[TASK TO CARRY OUT]
Every record below must be copied exactly, with images dropped.

Short text fragments from websites
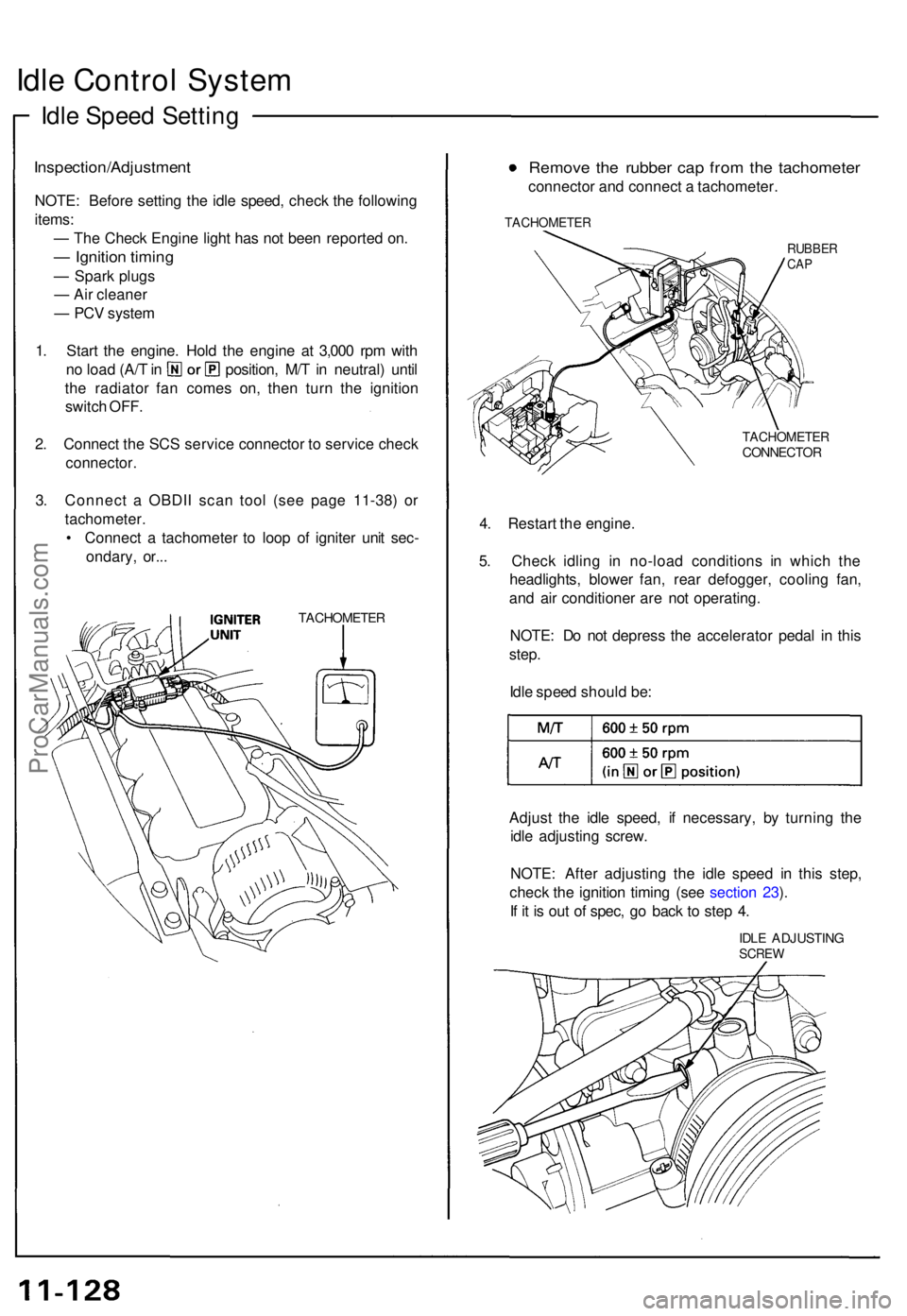 ACURA NSX 1991 Service Repair Manual Idle Contro l Syste m
Idle Spee d Settin g
Inspection/Adjustmen t
NOTE: Befor e settin g th e idl e speed , chec k th e followin g
items :
— Th e Chec k Engin e ligh t ha s no t bee n reporte d on ACURA NSX 1991 Service Repair Manual Idle Contro l Syste m
Idle Spee d Settin g
Inspection/Adjustmen t
NOTE: Befor e settin g th e idl e speed , chec k th e followin g
items :
— Th e Chec k Engin e ligh t ha s no t bee n reporte d on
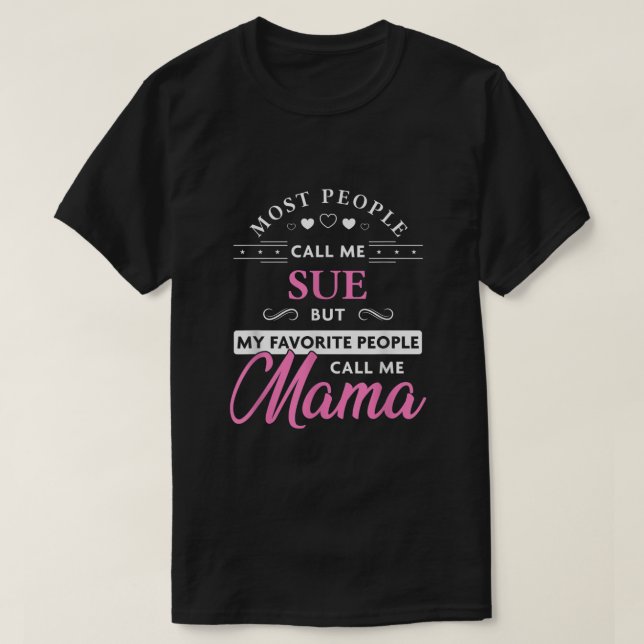 Sue Name Mama Shirt  Personalised Mothers Day Gift (Design Front)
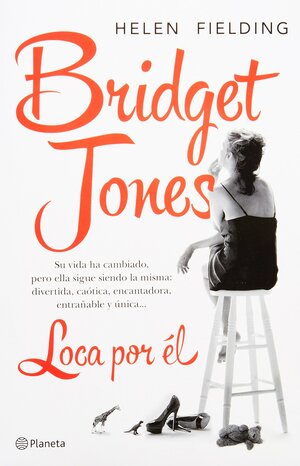 Bridget Jones. Loca por el by Helen Fielding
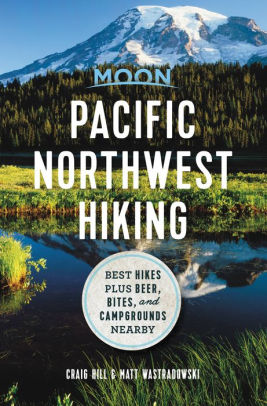 Moon Pacific Northwest Hiking: Best Hikes plus Beer, Bites, and Campgrounds Nearby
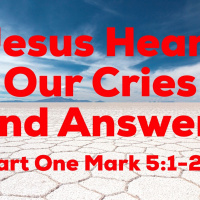 Ep. 134 Jesus Hears Our Tears: Mark 5:1-20 Part One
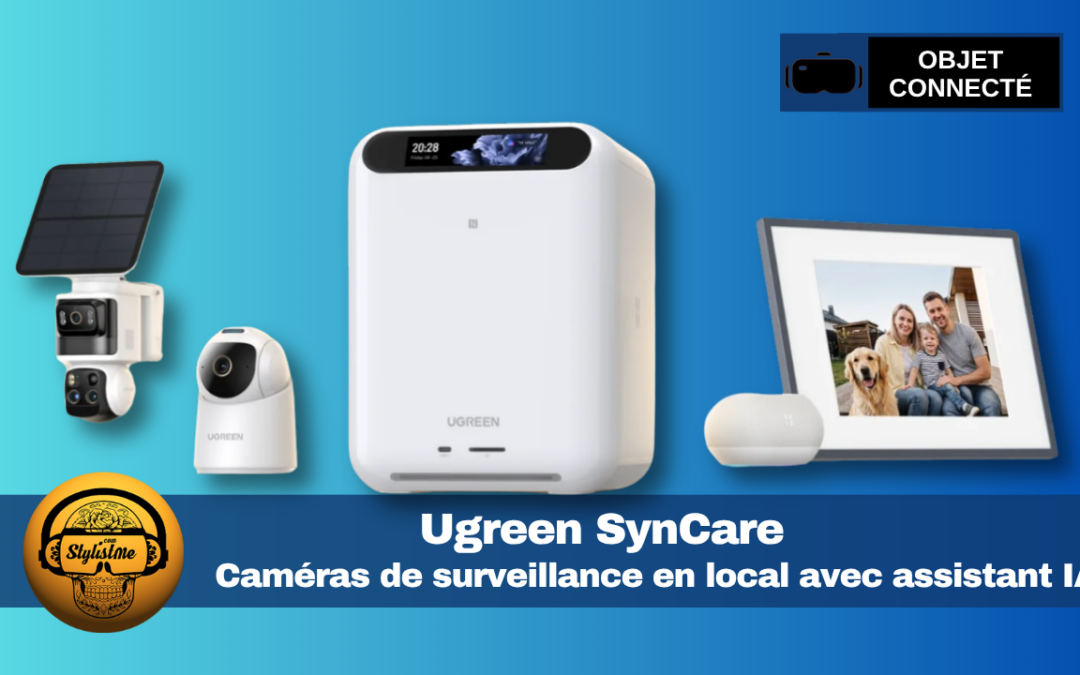 Ugreen SynCare : la gamme caméras de surveillance sans abonnement NASync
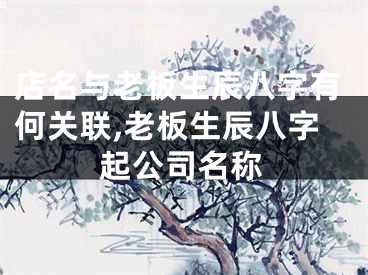 店名与老板生辰八字有何关联,老板生辰八字起公司名称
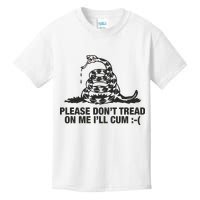 Please Don't Tread On Me I'll Cum Kids T-Shirt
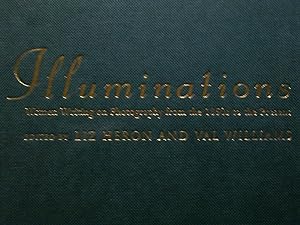 Illuminations - Women Writing On Photography From The 1850s To The Present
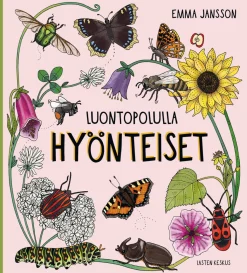 Lasten Keskus Luontopolulla - Hyönteiset* Lasten Uutuustuotteet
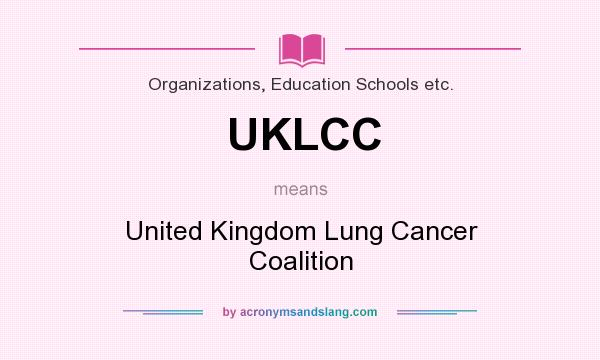 What does UKLCC mean? It stands for United Kingdom Lung Cancer Coalition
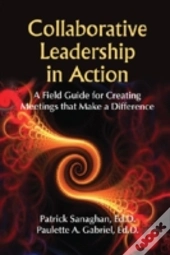A Field Guide For Creating Meetings That Make A Difference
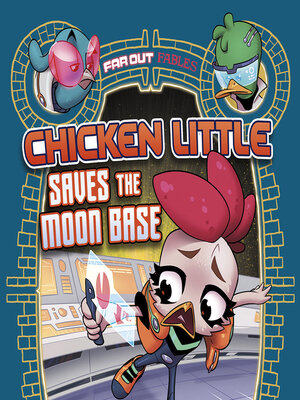 cover image of Chicken Little Saves the Moon Base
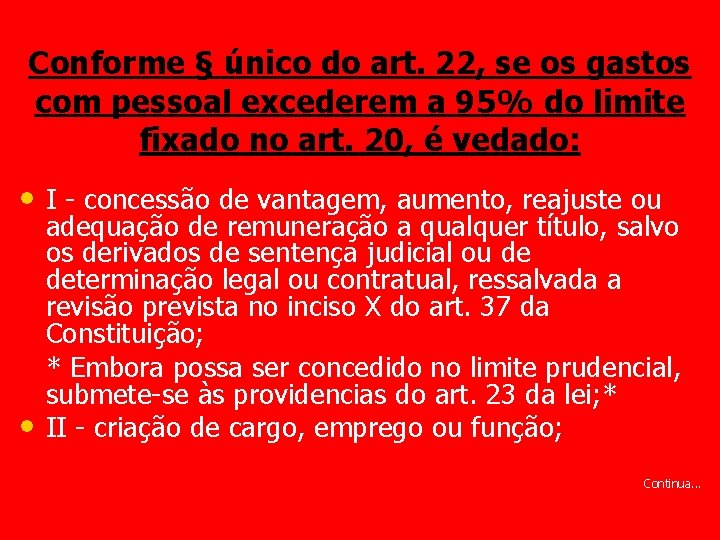 Conforme § único do art. 22, se os gastos com pessoal excederem a 95%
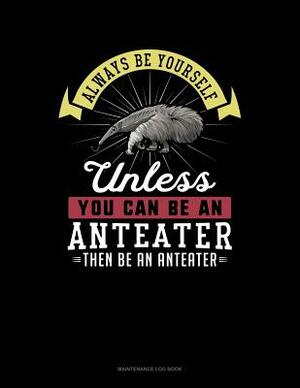 Always Be Yourself Unless You Can Be an Anteater Then Be an Anteater: 6 Columns Columnar Pad by Blue Cloud Novelty
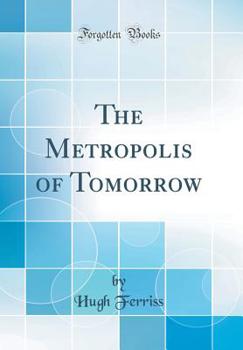 Hardcover The Metropolis of Tomorrow (Classic Reprint) Book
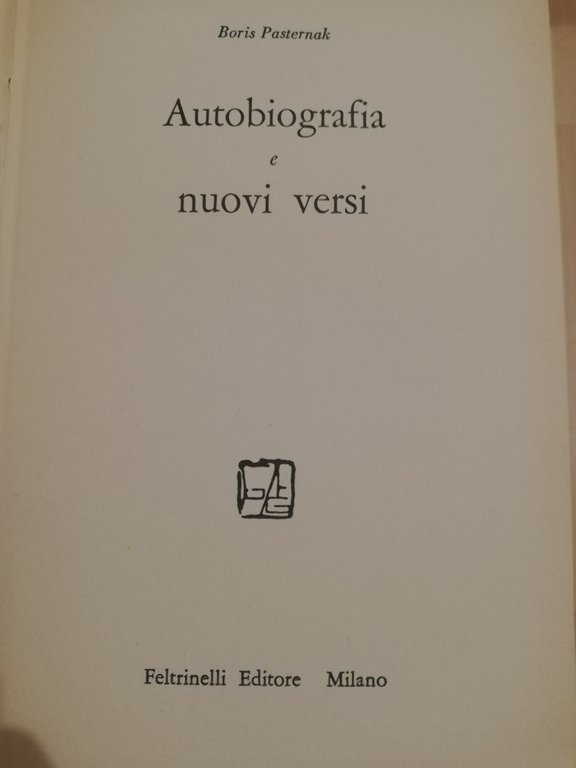 Autobiografia e nuovi versi, Boris Pasternak, 1958, Feltrinelli, prima edizione | Immagine Gallery 7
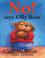 Cover of: No! Says Olly Bear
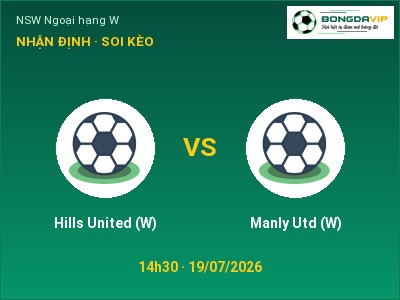 Soi kèo Hills United (W) vs Manly Utd (W) 14h30 ngày 19/07: Khó cho đội khách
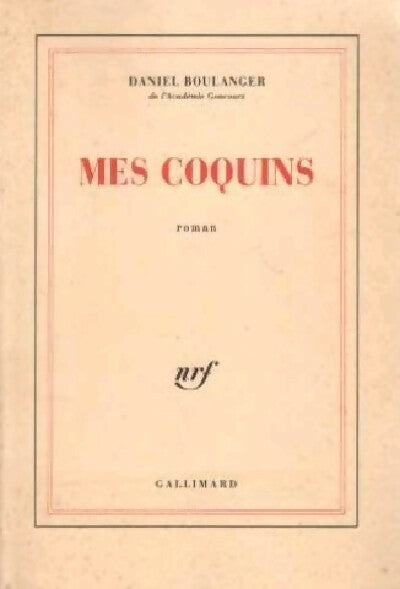 Mes coquins - Daniel Boulanger - Livre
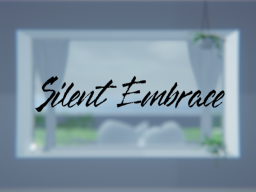 Silent Embrace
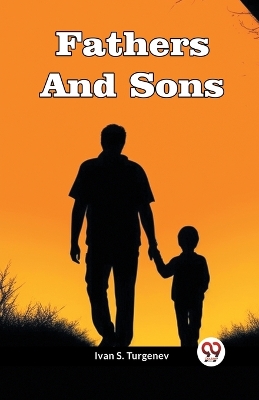 Fathers And Sons book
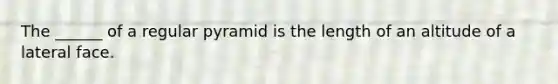 The ______ of a regular pyramid is the length of an altitude of a lateral face.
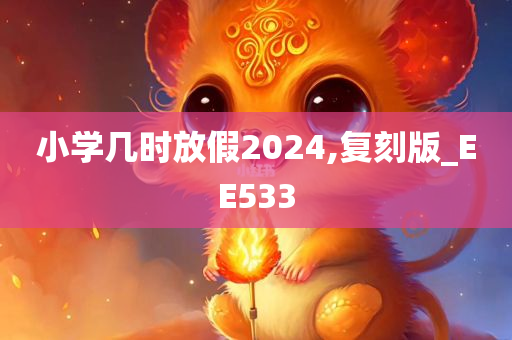 小学几时放假2024,复刻版_EE533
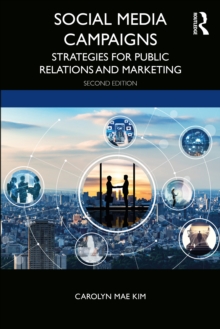 Social Media Campaigns : Strategies for Public Relations and Marketing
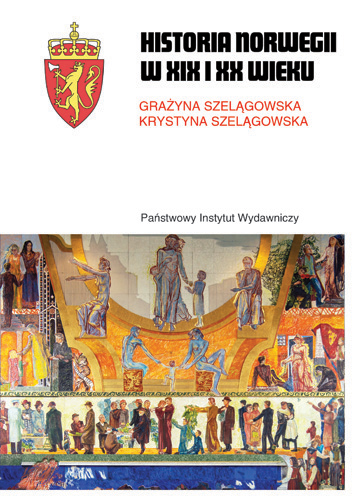 Grażyna Szelągowska, Krystyna Szelągowska, Historia Norwegii XIX i XX wieku, seria: Rodowody Cywilizacji (CERAM), Państwowy Instytut Wydawniczy, Warszawa 2019 Grażyna Szelągowska, Krystyna Szelągowska, Historia Norwegii XIX i XX wieku, seria: Rodowody Cywilizacji (CERAM), Państwowy Instytut Wydawniczy, Warszawa 2019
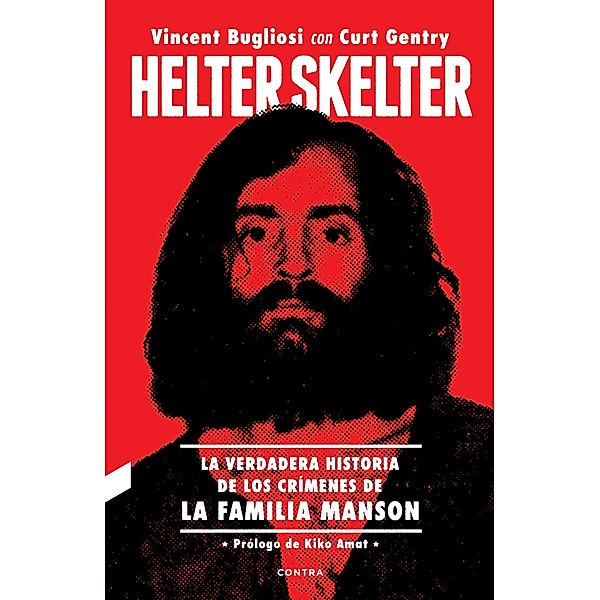 Helter Skelter: La verdadera historia de los crímenes de la Familia Manson, Vincent Bugliosi, Curt Gentry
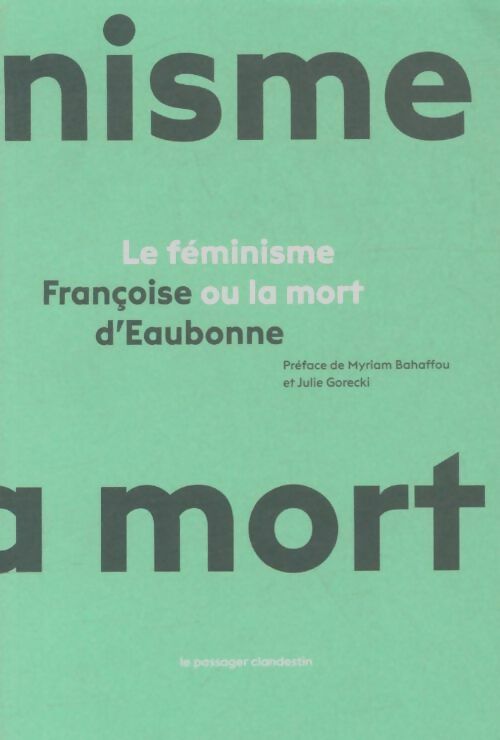 Livrenpoche : Le féminisme ou la mort - Françoise D'Eaubonne - Livre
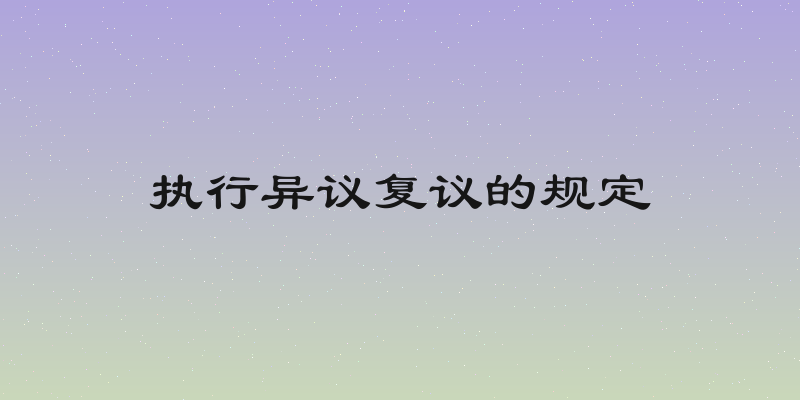 执行异议复议的规定
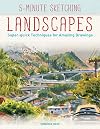 5-Minute Sketching -- Landscapes: Super-quick Techniques for Amazing Drawings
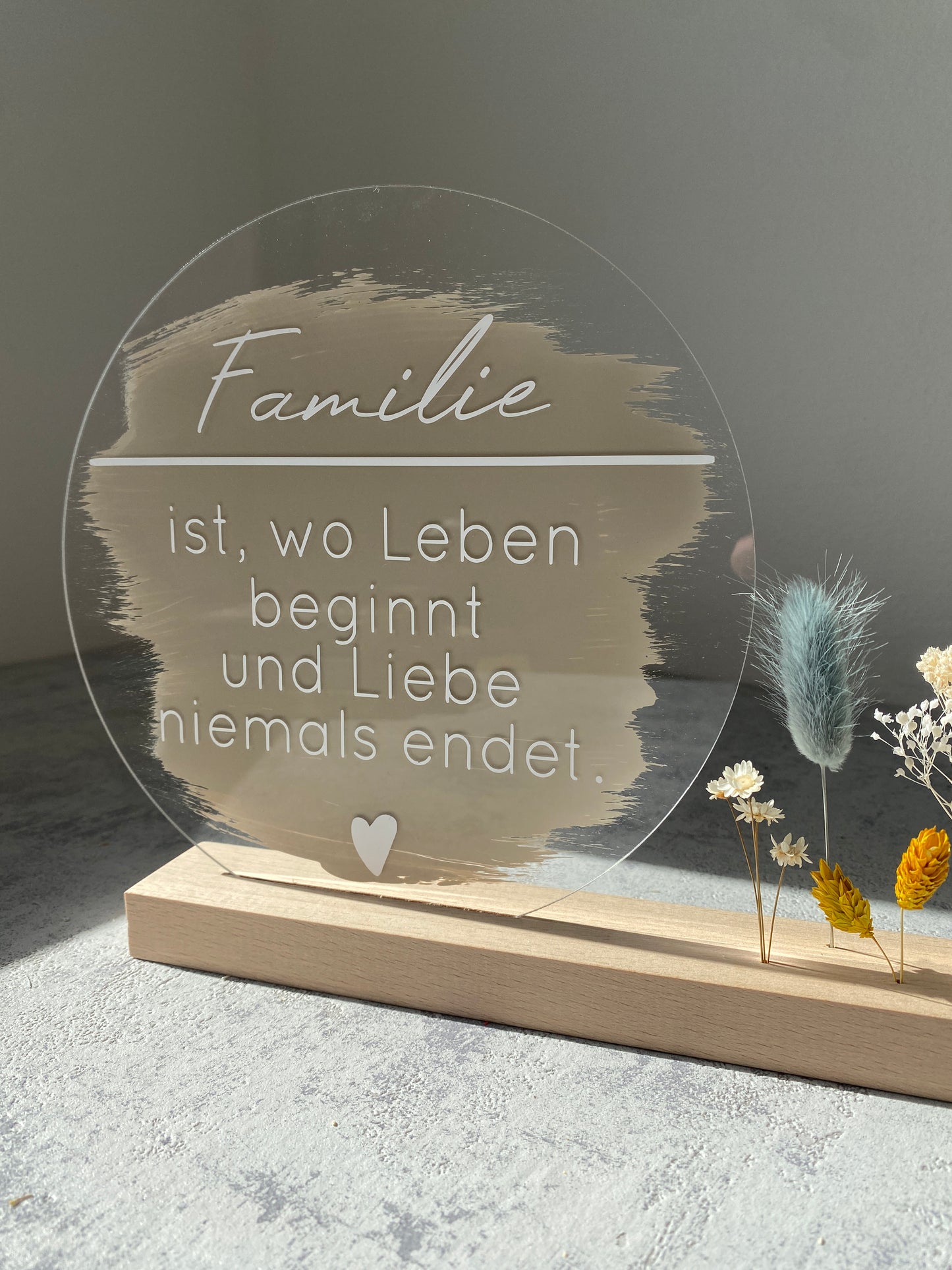 Acrylschild mit Spruch | Buchenholz | Trockenblumen |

[EXERCISE RESPONSE]
 ACURA NSX 1991 Service Repair Manual Idle Contro l Syste m
Idle Spee d Settin g
Inspection/Adjustmen t
NOTE: Befor e settin g th e idl e speed , chec k th e followin g
items :
— Th e Chec k Engin e ligh t ha s no t bee n reporte d on ACURA NSX 1991 Service Repair Manual Idle Contro l Syste m
Idle Spee d Settin g
Inspection/Adjustmen t
NOTE: Befor e settin g th e idl e speed , chec k th e followin g
items :
— Th e Chec k Engin e ligh t ha s no t bee n reporte d on
 Sue Name Mama Shirt  Personalised Mothers Day Gift (Design Front)
 Bridget Jones. Loca por el by Helen Fielding
 Moon Pacific Northwest Hiking: Best Hikes plus Beer, Bites, and Campgrounds Nearby
 Ep. 134 Jesus Hears Our Tears: Mark 5:1-20 Part One
 Ugreen SynCare : la gamme caméras de surveillance sans abonnement NASync
 店名与老板生辰八字有何关联,老板生辰八字起公司名称
 Please Don't Tread On Me I'll Cum Kids T-Shirt
 Illuminations - Women Writing On Photography From The 1850s To The Present
 Lasten Keskus Luontopolulla - Hyönteiset* Lasten Uutuustuotteet
 What does UKLCC mean? It stands for United Kingdom Lung Cancer Coalition
A Field Guide For Creating Meetings That Make A Difference
 cover image of Chicken Little Saves the Moon Base
 Conforme § único do art. 22, se os gastos com pessoal excederem a 95%
 Always Be Yourself Unless You Can Be an Anteater Then Be an Anteater: 6 Columns Columnar Pad by Blue Cloud Novelty
 Hardcover The Metropolis of Tomorrow (Classic Reprint) Book
 Autobiografia e nuovi versi, Boris Pasternak, 1958, Feltrinelli, prima edizione | Immagine Gallery 7
 Cover of: No! Says Olly Bear
 Soi kèo Hills United (W) vs Manly Utd (W) 14h30 ngày 19/07: Khó cho đội khách
 Mes coquins - Daniel Boulanger - Livre
 Silent Embrace
 Fathers And Sons book
 The ______ of a regular pyramid is the length of an altitude of a lateral face.
 小学几时放假2024,复刻版_EE533
 Social Media Campaigns : Strategies for Public Relations and Marketing
 Grażyna Szelągowska, Krystyna Szelągowska, Historia Norwegii XIX i XX wieku, seria: Rodowody Cywilizacji (CERAM), Państwowy Instytut Wydawniczy, Warszawa 2019 Grażyna Szelągowska, Krystyna Szelągowska, Historia Norwegii XIX i XX wieku, seria: Rodowody Cywilizacji (CERAM), Państwowy Instytut Wydawniczy, Warszawa 2019
 Helter Skelter: La verdadera historia de los crímenes de la Familia Manson, Vincent Bugliosi, Curt Gentry
 Livrenpoche : Le féminisme ou la mort - Françoise D'Eaubonne - Livre
 执行异议复议的规定
 5-Minute Sketching -- Landscapes: Super-quick Techniques for Amazing Drawings
 Acrylschild mit Spruch | Buchenholz | Trockenblumen |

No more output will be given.